Maggie Reilly is fifty-one and supremely well groomed — even in the studio, where nobody but her producer and the engineer can see her. Grey trouser suit, cerise shirt, glossy high heels.
Maggie took a roundabout and now obsolete way to get here: Bristol Evening Post at eighteen, straight out of A-levels. At twenty-five she made the move to television, working as a reporter on Westward! an early evening current- affairs programme. Two years later she moved to television news in London.
There were some award shortlistings, including one for rear of the year. She was named as a correspondent in a reasonably high-profile divorce case. There were some unflattering photographs in the papers, most famously of Maggie leaving the ‘love den’ looking frumpy and hungover; a trick of light and shadow added twenty years and several chins. There followed a year or two in the wilderness during which she wrote a newspaper column, renting out opinions she didn’t really hold, or not that strongly.
And now here she is, born again, enjoying solid but unremarkable ratings on the Talk London Drivetime slot, 3 p.m. to 7 p.m. Yesterday, an elderly immigrant woman was hit and killed by a bendy bus just round the corner from Camberwell Art College; there’s nothing like a bendy bus death to make London ers irate. Maggie’s taken three consecutive calls on the subject and the subject’s getting old. Keen to move on, she hits the dump button, goes to line four.

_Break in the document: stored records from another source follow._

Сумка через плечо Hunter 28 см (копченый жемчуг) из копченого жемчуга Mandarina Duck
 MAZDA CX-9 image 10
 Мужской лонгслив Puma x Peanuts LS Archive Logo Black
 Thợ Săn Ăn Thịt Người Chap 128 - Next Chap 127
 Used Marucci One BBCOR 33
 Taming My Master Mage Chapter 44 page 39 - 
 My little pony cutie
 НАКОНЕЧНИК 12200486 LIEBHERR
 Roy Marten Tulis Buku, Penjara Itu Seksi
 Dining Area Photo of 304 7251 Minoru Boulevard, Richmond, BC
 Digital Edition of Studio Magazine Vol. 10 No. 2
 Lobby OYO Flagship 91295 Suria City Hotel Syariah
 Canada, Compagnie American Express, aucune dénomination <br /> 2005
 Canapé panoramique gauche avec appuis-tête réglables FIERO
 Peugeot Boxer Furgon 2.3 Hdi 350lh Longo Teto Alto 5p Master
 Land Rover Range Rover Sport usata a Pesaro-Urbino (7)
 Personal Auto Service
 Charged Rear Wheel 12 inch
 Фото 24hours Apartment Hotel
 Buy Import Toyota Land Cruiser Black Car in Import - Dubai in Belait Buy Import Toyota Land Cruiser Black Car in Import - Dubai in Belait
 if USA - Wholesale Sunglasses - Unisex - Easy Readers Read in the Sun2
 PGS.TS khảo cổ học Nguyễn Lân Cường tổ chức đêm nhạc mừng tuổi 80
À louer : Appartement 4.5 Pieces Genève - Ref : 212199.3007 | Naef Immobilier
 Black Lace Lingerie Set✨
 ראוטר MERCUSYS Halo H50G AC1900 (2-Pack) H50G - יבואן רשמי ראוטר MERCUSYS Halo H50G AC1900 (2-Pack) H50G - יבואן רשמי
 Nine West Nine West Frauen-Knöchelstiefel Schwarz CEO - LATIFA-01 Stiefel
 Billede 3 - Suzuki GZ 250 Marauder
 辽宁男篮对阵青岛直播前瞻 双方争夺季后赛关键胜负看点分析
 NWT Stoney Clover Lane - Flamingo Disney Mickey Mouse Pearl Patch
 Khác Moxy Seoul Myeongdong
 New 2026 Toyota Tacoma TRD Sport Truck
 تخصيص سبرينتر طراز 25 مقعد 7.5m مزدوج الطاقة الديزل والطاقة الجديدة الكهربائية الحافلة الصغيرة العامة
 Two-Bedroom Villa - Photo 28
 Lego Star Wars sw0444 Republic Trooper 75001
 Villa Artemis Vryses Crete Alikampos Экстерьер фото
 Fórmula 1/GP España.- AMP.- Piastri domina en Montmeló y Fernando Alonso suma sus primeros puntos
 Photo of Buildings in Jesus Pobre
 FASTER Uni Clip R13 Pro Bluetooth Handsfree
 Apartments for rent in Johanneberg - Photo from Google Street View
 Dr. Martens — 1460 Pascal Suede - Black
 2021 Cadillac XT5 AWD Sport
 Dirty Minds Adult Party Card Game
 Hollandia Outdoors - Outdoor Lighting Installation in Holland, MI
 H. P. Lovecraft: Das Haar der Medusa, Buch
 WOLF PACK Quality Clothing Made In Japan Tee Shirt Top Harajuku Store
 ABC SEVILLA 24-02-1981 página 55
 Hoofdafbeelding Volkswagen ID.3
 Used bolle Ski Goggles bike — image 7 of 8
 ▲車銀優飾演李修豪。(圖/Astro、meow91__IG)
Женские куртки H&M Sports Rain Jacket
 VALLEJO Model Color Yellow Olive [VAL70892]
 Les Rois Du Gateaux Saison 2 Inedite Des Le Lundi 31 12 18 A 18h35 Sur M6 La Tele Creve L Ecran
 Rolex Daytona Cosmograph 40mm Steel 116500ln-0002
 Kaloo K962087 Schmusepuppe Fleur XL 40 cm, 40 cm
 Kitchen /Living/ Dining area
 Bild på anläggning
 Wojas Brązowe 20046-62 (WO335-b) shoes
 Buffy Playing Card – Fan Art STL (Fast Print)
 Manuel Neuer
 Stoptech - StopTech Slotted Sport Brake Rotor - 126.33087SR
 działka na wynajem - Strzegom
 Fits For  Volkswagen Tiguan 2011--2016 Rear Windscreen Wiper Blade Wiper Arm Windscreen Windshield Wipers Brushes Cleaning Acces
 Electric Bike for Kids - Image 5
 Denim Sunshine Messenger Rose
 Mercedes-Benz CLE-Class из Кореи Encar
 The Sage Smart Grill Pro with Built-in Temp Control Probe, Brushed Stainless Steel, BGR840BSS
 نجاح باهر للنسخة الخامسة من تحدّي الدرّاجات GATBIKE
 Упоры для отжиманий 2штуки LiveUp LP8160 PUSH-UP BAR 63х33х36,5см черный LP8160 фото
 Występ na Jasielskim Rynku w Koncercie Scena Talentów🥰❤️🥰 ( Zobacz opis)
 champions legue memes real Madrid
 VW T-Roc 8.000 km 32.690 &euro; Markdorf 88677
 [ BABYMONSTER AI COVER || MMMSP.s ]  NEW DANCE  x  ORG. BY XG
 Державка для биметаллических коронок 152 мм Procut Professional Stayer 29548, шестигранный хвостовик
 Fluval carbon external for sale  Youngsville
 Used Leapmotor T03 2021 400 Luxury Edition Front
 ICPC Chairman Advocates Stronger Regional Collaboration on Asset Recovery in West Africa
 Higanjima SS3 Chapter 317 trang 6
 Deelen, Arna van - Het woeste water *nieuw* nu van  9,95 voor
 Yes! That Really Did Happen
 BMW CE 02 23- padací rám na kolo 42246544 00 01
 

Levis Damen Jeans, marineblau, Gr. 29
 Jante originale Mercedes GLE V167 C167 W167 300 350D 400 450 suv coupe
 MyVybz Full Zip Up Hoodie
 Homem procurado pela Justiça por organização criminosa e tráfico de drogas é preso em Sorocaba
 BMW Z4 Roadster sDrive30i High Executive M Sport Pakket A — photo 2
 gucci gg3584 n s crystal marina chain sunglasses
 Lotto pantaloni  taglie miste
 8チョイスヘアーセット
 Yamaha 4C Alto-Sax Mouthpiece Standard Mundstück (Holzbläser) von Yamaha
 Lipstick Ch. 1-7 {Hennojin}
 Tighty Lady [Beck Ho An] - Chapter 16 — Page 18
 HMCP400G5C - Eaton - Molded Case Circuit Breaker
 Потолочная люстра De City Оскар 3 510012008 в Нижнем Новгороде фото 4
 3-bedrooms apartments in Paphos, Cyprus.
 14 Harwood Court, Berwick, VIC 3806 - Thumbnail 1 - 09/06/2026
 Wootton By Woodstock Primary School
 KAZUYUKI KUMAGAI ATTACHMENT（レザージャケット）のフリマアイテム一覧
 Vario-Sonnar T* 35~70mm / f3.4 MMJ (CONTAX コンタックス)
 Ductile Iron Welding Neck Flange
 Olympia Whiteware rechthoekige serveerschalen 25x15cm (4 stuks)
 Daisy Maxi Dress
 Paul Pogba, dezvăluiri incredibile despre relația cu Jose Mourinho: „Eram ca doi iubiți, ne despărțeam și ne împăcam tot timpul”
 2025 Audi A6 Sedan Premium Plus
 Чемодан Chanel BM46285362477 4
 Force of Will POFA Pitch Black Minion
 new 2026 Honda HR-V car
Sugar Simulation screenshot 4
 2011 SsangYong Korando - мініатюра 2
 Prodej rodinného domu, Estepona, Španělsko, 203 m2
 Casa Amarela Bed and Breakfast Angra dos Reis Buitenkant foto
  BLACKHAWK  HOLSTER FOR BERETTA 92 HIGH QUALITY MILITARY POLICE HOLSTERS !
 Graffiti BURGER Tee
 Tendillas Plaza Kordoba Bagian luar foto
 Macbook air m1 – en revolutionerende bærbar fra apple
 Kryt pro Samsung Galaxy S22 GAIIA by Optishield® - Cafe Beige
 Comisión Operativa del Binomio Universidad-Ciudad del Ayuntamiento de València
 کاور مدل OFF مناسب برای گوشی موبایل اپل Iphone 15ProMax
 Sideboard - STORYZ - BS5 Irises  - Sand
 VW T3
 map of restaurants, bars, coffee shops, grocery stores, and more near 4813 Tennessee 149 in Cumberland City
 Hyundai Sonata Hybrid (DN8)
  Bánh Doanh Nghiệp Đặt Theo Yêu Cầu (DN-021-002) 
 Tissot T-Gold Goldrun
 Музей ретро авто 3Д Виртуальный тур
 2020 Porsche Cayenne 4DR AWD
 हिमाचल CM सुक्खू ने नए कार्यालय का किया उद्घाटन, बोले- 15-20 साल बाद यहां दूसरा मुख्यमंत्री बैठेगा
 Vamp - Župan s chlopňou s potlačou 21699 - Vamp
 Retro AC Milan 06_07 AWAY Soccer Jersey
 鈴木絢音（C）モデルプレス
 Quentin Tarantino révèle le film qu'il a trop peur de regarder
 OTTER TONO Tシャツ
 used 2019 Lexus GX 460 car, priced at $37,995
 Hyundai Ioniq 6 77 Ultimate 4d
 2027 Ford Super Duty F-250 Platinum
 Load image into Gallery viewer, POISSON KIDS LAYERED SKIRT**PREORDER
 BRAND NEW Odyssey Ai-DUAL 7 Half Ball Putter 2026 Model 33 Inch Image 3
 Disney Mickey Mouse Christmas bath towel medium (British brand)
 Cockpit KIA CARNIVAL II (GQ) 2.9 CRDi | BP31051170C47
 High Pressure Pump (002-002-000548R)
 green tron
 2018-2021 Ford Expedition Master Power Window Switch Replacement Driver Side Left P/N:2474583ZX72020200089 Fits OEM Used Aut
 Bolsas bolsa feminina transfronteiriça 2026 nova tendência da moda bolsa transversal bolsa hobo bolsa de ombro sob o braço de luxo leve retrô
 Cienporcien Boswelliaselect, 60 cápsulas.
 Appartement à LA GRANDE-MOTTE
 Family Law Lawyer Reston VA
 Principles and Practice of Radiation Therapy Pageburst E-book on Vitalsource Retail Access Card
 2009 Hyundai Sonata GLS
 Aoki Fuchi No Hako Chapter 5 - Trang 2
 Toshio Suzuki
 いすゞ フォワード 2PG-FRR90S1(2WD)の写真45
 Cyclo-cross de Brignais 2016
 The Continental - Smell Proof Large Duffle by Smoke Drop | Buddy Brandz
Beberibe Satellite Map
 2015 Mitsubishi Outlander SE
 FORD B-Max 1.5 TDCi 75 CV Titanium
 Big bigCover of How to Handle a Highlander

‘Pete Black from Woking,’ she says. ‘You’re through to Maggie Reilly on London Talk FM.’
‘Hello Maggie,’ says Pete Black from Woking. ‘First-time caller, long-time fan.’
‘Well,’ she chuckles, checking out the monitor on the corner of her desk, ‘a girl can’t have too many of them.’
‘Since ’95, actually,’ says Pete from Woking. ‘I used to live in Bristol.’
‘Did you, my lover?’
He chuckles at the exaggerated accent. ‘I remember that thing you did,’ he says. ‘The thing about little Adrian York.’
Maggie laughs that near-famous cigarette laugh. ‘Well, if I was feeling a bit blue round the edges, I’d say that dates you. So what’s got your back up today, Pete?’
‘Okay. Really, I’m calling to say that I’m the one who killed Tom and Sarah Lambert. It was me.’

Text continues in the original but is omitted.